Now, HP is a criminal case
California files charges against ex-chairman Dunn, others involved in leak probe; CEO Hurd not named.
NEW YORK (CNNMoney.com) -- Former Hewlett-Packard chairman Patricia Dunn faces felony criminal charges for her role in the company's controversial leak probe, but chief executive Mark Hurd has dodged legal action for now.
California Attorney General Bill Lockyer brought felony charges against Dunn, HP's former chief ethics officer Kevin Hunsaker, and three private investigators Wednesday in Santa Clara County Superior Court.
No criminal evidence has been found against Hurd, who has come under increased pressure for the role he played in the probe, but Lockyer said his investigation remains open.
The investigators named in the complaint were Ronald DeLia, managing director of Security Outsourcing Services, the investigative firm hired by HP; Matthew Depante; and Bryan Wagner.
All of the defendants named in the complaint face four felony charges: conspiracy; fraudulent use of wire communications; wrongful use of computer data; and identity theft.

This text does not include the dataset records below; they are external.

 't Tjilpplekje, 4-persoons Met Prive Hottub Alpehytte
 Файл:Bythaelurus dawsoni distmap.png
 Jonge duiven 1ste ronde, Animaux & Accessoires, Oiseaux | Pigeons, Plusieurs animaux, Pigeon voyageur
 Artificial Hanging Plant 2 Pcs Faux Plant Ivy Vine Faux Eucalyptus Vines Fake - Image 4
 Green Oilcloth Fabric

All four counts carry a maximum prison sentence of three years. Three of the counts carry a maximum fine of $10,000, while a conviction for conspiracy can carry a maximum fine of $25,000.
Lockyer has asked the court to issue arrest warrants for the defendants, but his office will make arrangements for Dunn and Hunsaker to surrender voluntarily, he said.

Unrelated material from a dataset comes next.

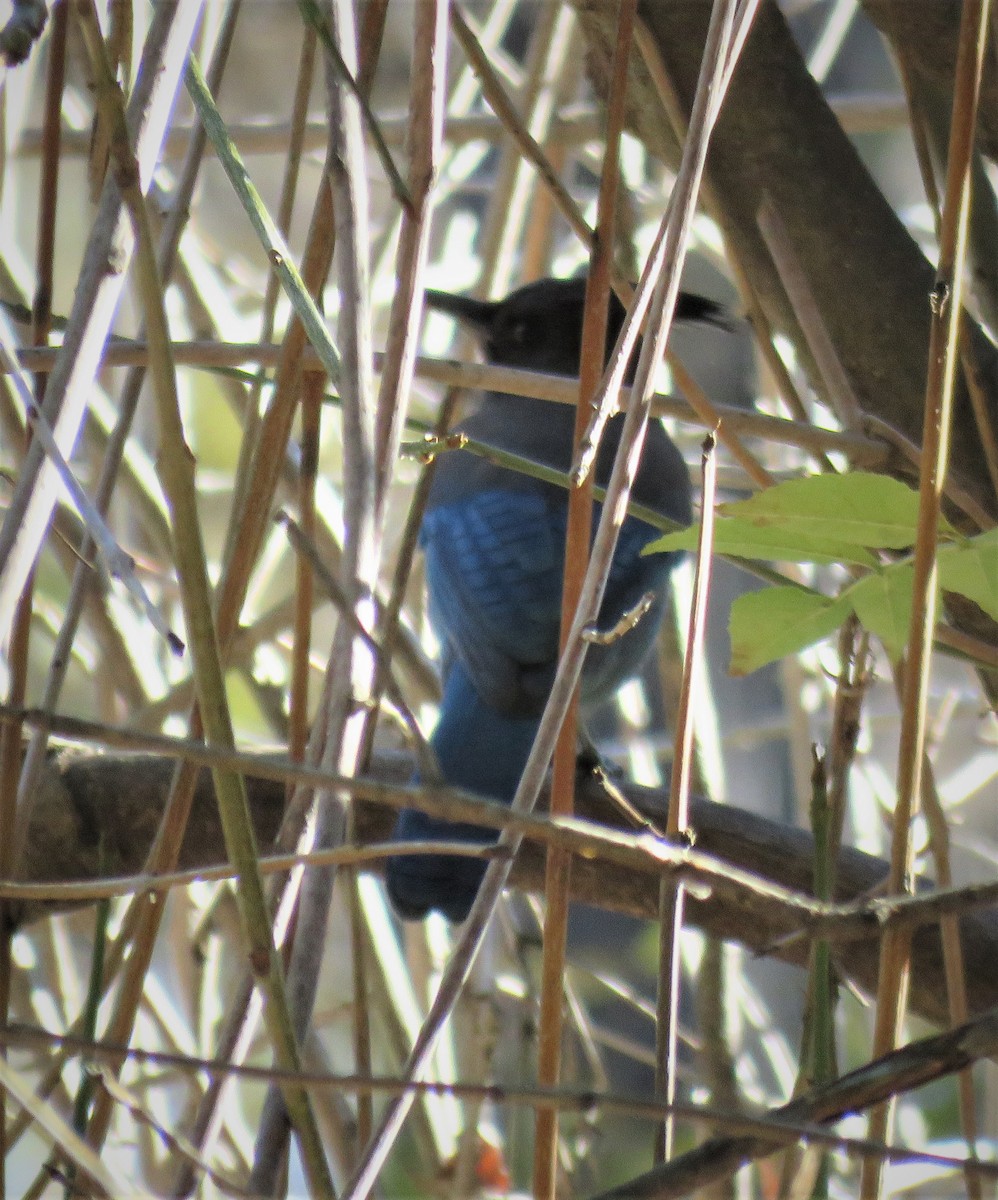 Steller's Jay - ML401570851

"One of our state's most venerable corporate institutions lost its way as its board sought to find out who leaked confidential company information to the press," the attorney general said in prepared remarks. "In this misguided effort, people inside and outside HP violated privacy rights and broke state law."

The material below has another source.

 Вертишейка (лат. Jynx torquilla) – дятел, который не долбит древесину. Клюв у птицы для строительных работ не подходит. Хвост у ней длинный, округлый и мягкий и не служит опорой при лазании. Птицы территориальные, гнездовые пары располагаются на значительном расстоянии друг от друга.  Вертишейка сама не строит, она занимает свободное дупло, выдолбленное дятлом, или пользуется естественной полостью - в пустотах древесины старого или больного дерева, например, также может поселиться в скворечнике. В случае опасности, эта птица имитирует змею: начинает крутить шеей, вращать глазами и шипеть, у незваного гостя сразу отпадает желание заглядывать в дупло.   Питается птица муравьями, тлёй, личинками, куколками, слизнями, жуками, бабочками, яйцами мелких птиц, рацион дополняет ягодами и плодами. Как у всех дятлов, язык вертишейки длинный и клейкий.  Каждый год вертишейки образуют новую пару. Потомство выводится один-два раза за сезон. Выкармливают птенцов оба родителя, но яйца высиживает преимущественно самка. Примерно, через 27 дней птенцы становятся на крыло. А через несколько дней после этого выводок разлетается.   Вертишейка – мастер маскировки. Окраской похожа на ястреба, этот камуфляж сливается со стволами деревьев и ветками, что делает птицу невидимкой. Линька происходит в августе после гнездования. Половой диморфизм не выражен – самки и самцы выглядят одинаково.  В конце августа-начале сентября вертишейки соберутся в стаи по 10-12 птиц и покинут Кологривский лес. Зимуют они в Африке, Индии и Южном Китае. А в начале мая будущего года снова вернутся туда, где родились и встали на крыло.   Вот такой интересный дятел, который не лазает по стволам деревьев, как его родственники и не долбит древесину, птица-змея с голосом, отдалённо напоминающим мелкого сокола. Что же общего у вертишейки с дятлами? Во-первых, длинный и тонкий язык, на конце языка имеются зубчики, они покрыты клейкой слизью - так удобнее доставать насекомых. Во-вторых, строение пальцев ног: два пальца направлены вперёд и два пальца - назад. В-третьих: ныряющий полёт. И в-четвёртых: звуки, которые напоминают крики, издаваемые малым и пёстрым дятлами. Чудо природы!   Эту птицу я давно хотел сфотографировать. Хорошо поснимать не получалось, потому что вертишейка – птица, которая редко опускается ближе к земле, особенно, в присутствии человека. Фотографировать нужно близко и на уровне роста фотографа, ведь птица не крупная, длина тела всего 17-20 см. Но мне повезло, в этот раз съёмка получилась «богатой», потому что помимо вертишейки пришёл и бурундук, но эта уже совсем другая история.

The complaint alleges that Dunn knew that private investigators obtained phone records through false pretenses - also known as pretexting - and that she gave DeLia phone numbers for HP board members in April 2005.
Dunn has consistently denied that she was aware pretexting methods were being used during the investigation. At a House hearing last week, she testified that she never knew that tactics involving the misrepresentation of someone's identity would be used in the investigation and that she was assured by Hunsaker that the methods being used were legal.
Dunn's lawyer called the charges false and said they were "being brought against the wrong person at the wrong time and for the wrong reasons," according to Reuters.
According to the attorney general's complaint, Hunsaker, who led the investigative team that eventually identified the source of the boardroom leaks, knew in January of this year that false pretenses were being used to access the phone records.
Both Hunsaker and DeLia invoked their Fifth Amendment right against self-incrimination last week on Capitol Hill.
Dunn resigned from HP on Sept. 22. Hunsaker left the company last week.
The discovery that HP used pretexting to spy on its directors, journalists and employees has enveloped the venerable Silicon Valley firm since the scandal broke early last month.
The company's surveillance tactics have also sparked an investigation from the Justice Department.
Palo Alto, Calif.-based HP said it is still cooperating with state and federal investigations.
The HP probe goes back to 2005, when then-chairman Dunn initiated an investigation into company leaks after the departure of former chief executive Carly Fiorina in March. The probe came up inconclusive and was restarted again early this year.
Board member George Keyworth eventually was fingered as the source of the leaks. Keyworth resigned from the board last month.
Shares of HP (Charts), which have outperformed rivals Dell (Charts) and IBM (Charts) in the last year, haven't been hurt by the HP boardroom drama. HP's stock has gained about 3 percent in the four weeks since the scandal broke.